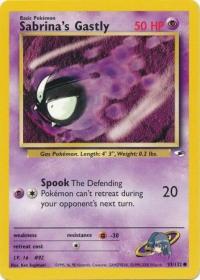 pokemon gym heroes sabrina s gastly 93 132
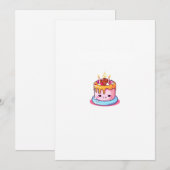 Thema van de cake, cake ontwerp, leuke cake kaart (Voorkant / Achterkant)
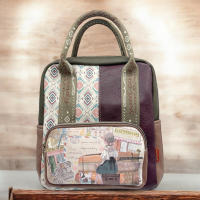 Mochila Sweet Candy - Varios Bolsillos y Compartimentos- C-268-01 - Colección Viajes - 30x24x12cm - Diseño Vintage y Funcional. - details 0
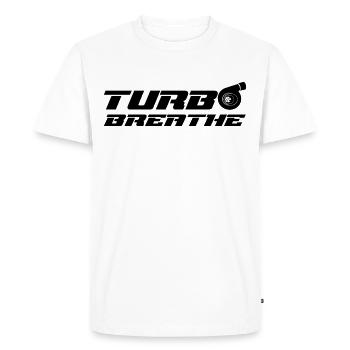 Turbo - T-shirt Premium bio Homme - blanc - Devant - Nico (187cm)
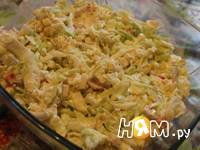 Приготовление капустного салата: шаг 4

...

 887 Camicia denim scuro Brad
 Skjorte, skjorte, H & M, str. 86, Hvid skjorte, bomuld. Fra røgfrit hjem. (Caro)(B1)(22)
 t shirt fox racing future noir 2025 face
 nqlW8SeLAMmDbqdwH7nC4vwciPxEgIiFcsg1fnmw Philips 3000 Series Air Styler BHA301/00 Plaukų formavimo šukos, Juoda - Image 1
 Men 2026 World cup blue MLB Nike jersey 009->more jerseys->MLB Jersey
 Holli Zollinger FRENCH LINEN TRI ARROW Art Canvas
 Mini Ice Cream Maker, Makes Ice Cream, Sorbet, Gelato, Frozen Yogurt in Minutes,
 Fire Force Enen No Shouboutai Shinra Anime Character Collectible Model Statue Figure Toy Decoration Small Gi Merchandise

### Exercise requirements
Your answer must be the exact lines from the records above, from the one containing "pokemon gym heroes sabrina s gastly 93 132" through the one containing "Mochila Sweet Candy", both included, with every picture left out.

### Solution to this problem
 pokemon gym heroes sabrina s gastly 93 132
 Thema van de cake, cake ontwerp, leuke cake kaart (Voorkant / Achterkant)
 Mochila Sweet Candy - Varios Bolsillos y Compartimentos- C-268-01 - Colección Viajes - 30x24x12cm - Diseño Vintage y Funcional. - details 0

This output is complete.